Meatloaf Cupcake Ingredients
Prepare all the ingredients and mix them up in a large bowl before adding the meat. Here’s what you’ll need:
- Old-fashioned Oatmeal easily blends into the meatloaf mixture, absorbs some of the juices, keeps the meatloaf cupcakes moist and makes this meatloaf recipe gluten-free. Breadcrumbs can be used instead.
- Frozen, Chopped Spinach. Defrost the spinach. Next, place it in a colander that is set over a plate to catch the liquid. Press down on the spinach with a paper towel and blot to remove excess water.
- Cheeses. Use a combination of shredded mozzarella cheese and grated Parmesan cheese.
- Pine nuts add a tasty, nutty burst of flavor. You can leave them out if they are too pricey.
- Onion. Finely dice a white, yellow or Vidalia onion.
- Ketchup. Use low-sugar ketchup to keep the carbohydrate count low.
- Egg. You really can add it or leave it out. The cheese does a good job of holding everything together.
- Ground Beef. We use the leanest beef we can find at our house.
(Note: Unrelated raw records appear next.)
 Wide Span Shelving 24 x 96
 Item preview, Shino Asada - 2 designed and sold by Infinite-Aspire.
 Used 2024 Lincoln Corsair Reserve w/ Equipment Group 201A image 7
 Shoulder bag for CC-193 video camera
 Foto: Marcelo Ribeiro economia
All of the other ingredients keep the final meatloaf muffin very flavorful.
How to Make Meatloaf in a Muffin Pan
All of our meatloaf recipes, including this one, can be made as a traditional meatloaf, mini meatloaves or as a meatloaf muffin. The preparation process is the same.
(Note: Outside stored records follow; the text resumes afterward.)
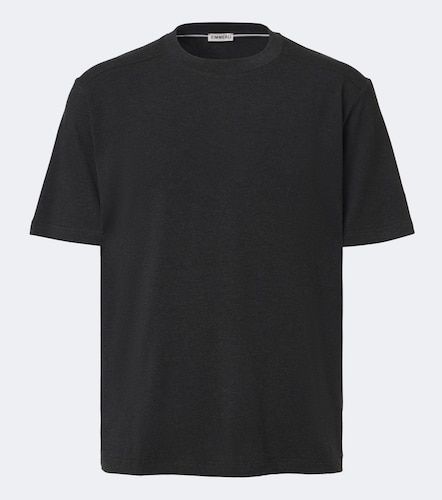 Zimmerli Camiseta de jersey - Zimmerli - Modalova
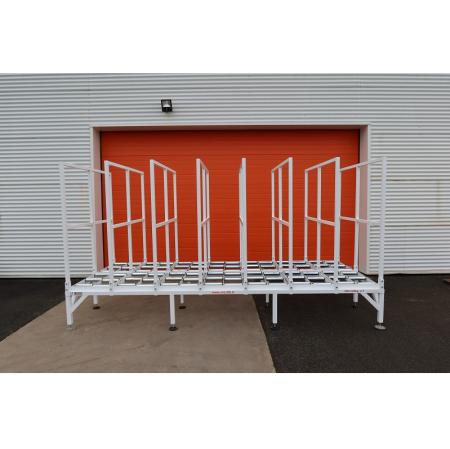 Devis Buffer pour portes panneaux et menuiseries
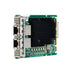 EAN 0190017325187 - HPE Broadcom BCM57416 Ethernet 10Gb 2-port BASE-T OCP3 Adapter for imagen 1
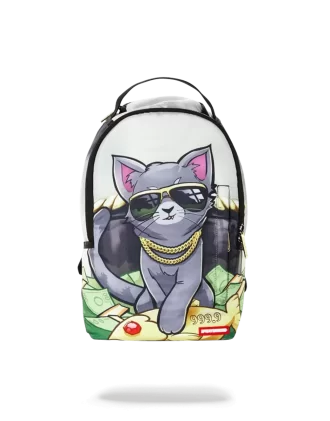 MINI FACCIA DI GATTINO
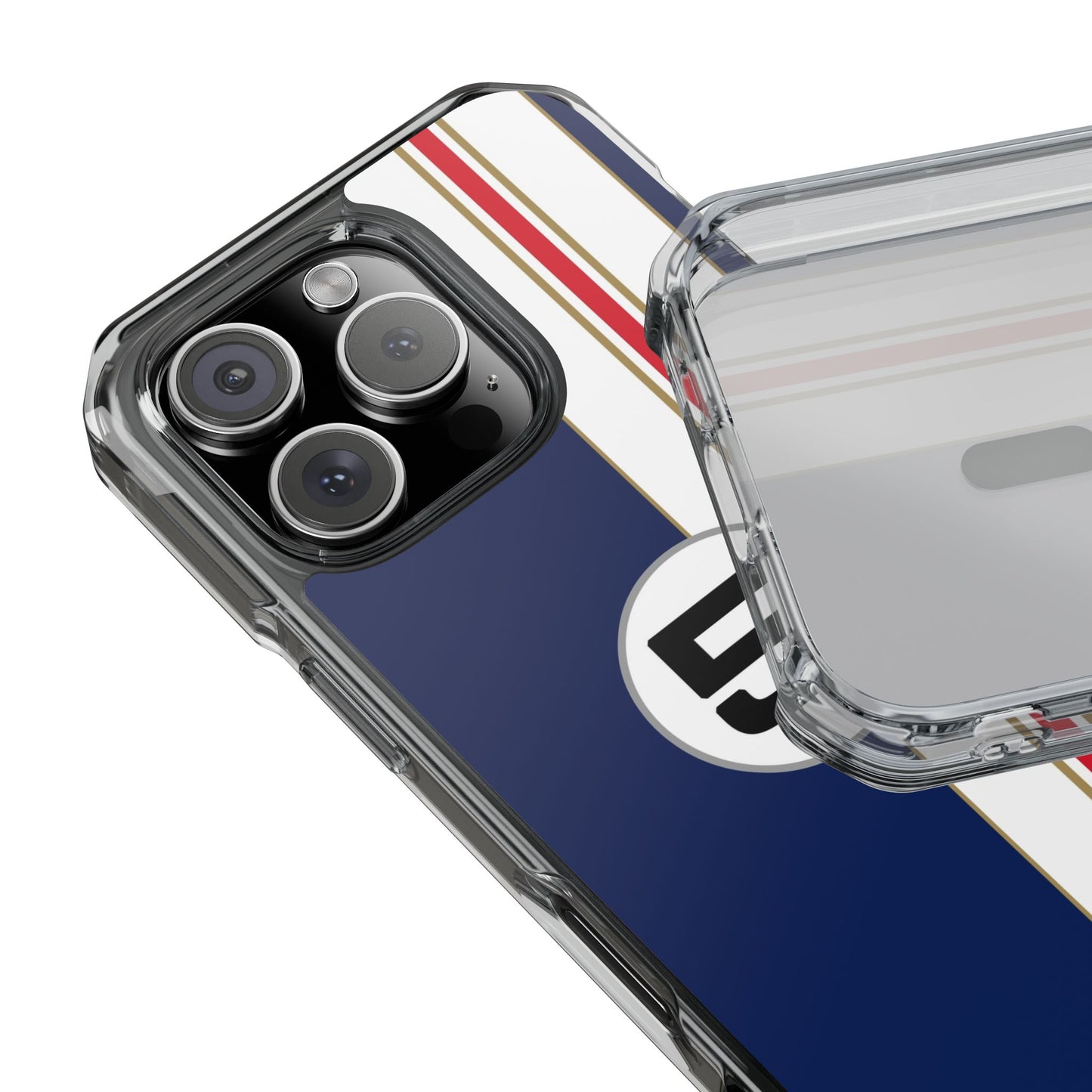 Royal Pace - MagSafe Phone Case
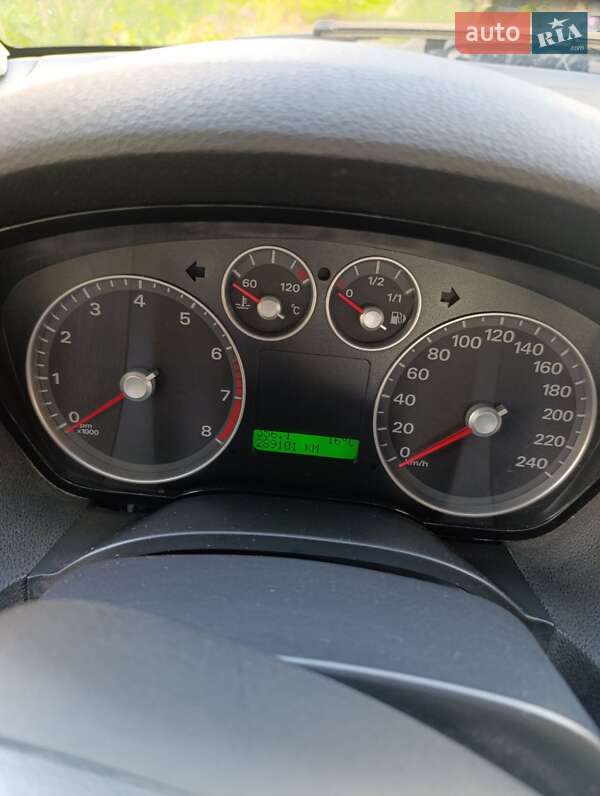 Минивэн Ford Focus C-Max 2006 в Луцке фото 26 Минивэн Ford Focus C-Max 2006 в Луцке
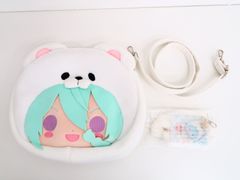 あんスタ 日々樹渉 白熊バッグ 中国 - メルカリ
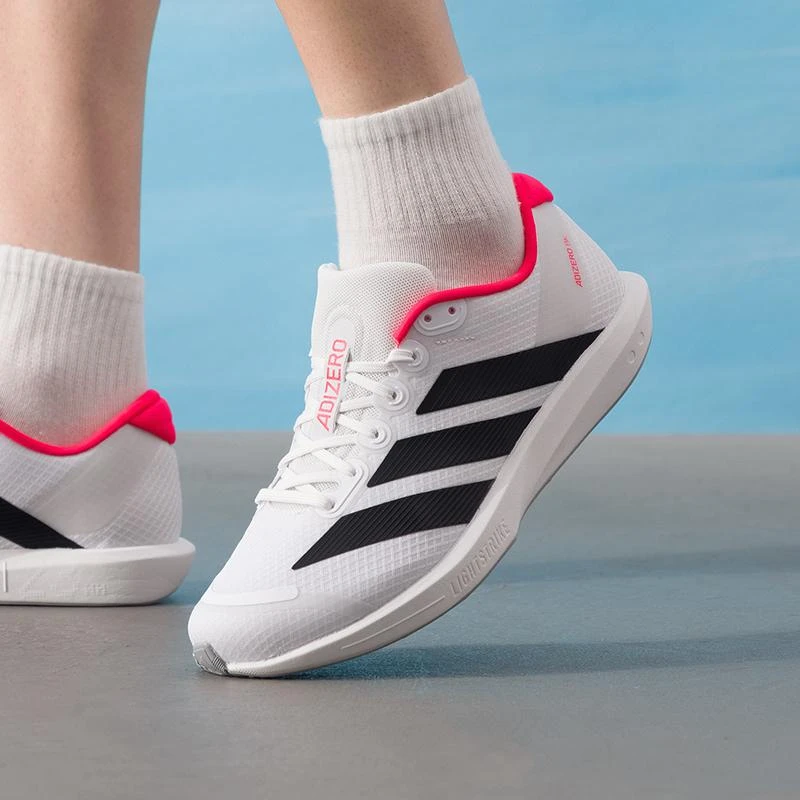 阿迪达斯｜【轻便耐磨】男女同款经典百搭运动休闲鞋舒适透气时尚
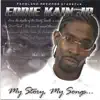 Eddie Kain Jr. - My Story, My Songs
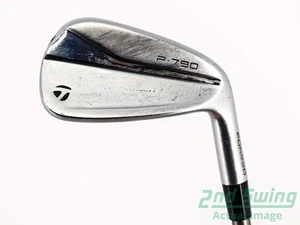 TaylorMade 2021 P790 Single Iron 8 Iron Graphite Senior Right 36.0in - Picture 1 of 9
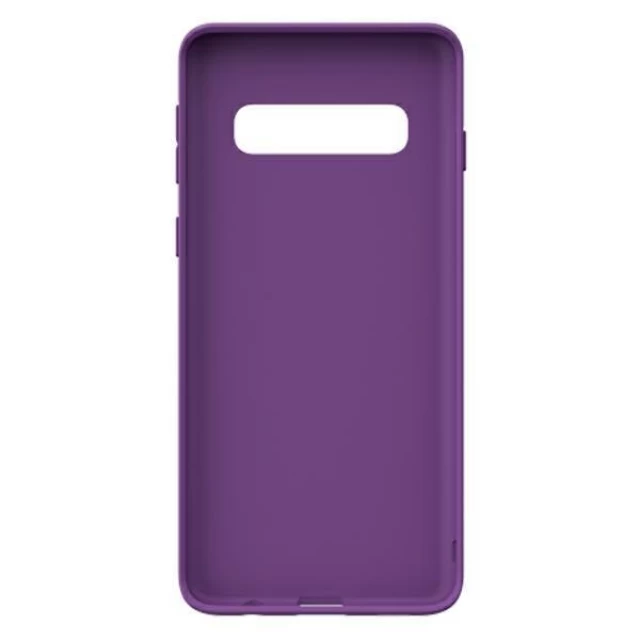 Чохол Adidas OR Molded для Samsung Galaxy S10 G973 Purple (8718846068055)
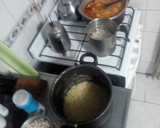 Foto del paso 4 de la receta: Locro a mí gusto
The difference is the cooking time in a 350 degree Fahrenheit oven:
- 1 pound meatloaf pan = about 1 hour
- 3 mini meatloaves = about 40 minutes
- 12 meatloaf cupcakes = about 25 minutes <== which is why I LOVE meatloaf muffins so much!
Mix all of the ingredients together, except for the meat. Next, fold in the ground beef and mix until just combined. Don’t mix too much or the meat will become tough during the cooking process.
To bake the meatloaf mixture in a muffin pan, portion about 1/4 cup of the meat mixture into each compartment. Top with ketchup, if desired.
Mashed Potato “Icing” for Meatloaf Muffins
Make this meatloaf recipe in muffin pan then “frost” the meatloaf cupcakes with mashed potatoes.
Hey…presentation is everything!
Here’s a quick and easy topping using one potato, that can be easily doubled or tripled.
- Use a vegetable peeler to remove the skin from a russet potato.
- Microwave the potato on high for 7-10 minutes or until it’s easily pierced with a fork. (Flip and check the potato at 5 minutes.)
- Mash the potato in a bowl with a fork.
- Stir in 1 Tablespoon of butter and 1 Tablespoon of milk, adding a few drops more until desired consistency.
- Add salt and pepper to taste.
Of course, you can always just serve it atop a plate of mashed potatoes too!
How to Make Ahead and Freeze Meatloaf Cupcakes
If you’re using our Healthy Weekly Dinner Plan using Core Recipes, then this is yet another variation of a meatloaf muffin that you should make ahead and freeze. There are two ways to prepare these ahead of time.
- Prepare them, but don’t cook them. Wrap the entire pan in plastic wrap and aluminum foil and freeze it. When you’re ready to enjoy them, place the pan in the refrigerator overnight to defrost and then cook according to the directions.
- Cook the meatloaf cupcakes. Allow them to cool. Individually wrap in plastic wrap or freeze on a baking sheet and move to a freezer bag when hard. Microwave the meatloaf cupcakes when you are ready to eat them.
Either way, we frost with mashed potatoes just before serving.
Please rate this recipe and tag @DinnerMom or #DinnerMom on social media. We love to see what you are cooking up!
Meatloaf Cupcakes with Mashed Potato Icing
- 1 egg lightly beaten
- 1/2 cup oatmeal or breadcrumbs
- 1/2 cup onion diced
- 1/2 cup ketchup plus extra for the top if desired
- 1 cup mozzarella cheese shredded
- 1/2 cup Parmesan cheese
- 1/2 cup spinach chopped, drained, excess water pressed out with a paper towel
- 2 Tablespoons pine nuts
- 1 pound lean ground beef
- 4 cups Prepared Mashed Potatoes
- Preheat oven to 350F.
- Add all of the ingredients except for the ground beef and mashed potatoes to a large bowl and mix well.
- Add ground beef and mix just until combined.
- Portion about a 1/4 cup of the meatloaf mixture into the compartments of a muffin pan.
- Bake uncovered for about 25 minutes or until the internal temperature reaches 165 degrees Fahrenheit.
- Remove from oven and allow to cool for about 5 minutes.
- Use a knife to frost each meatloaf cupcake with the prepared mashed potatoes.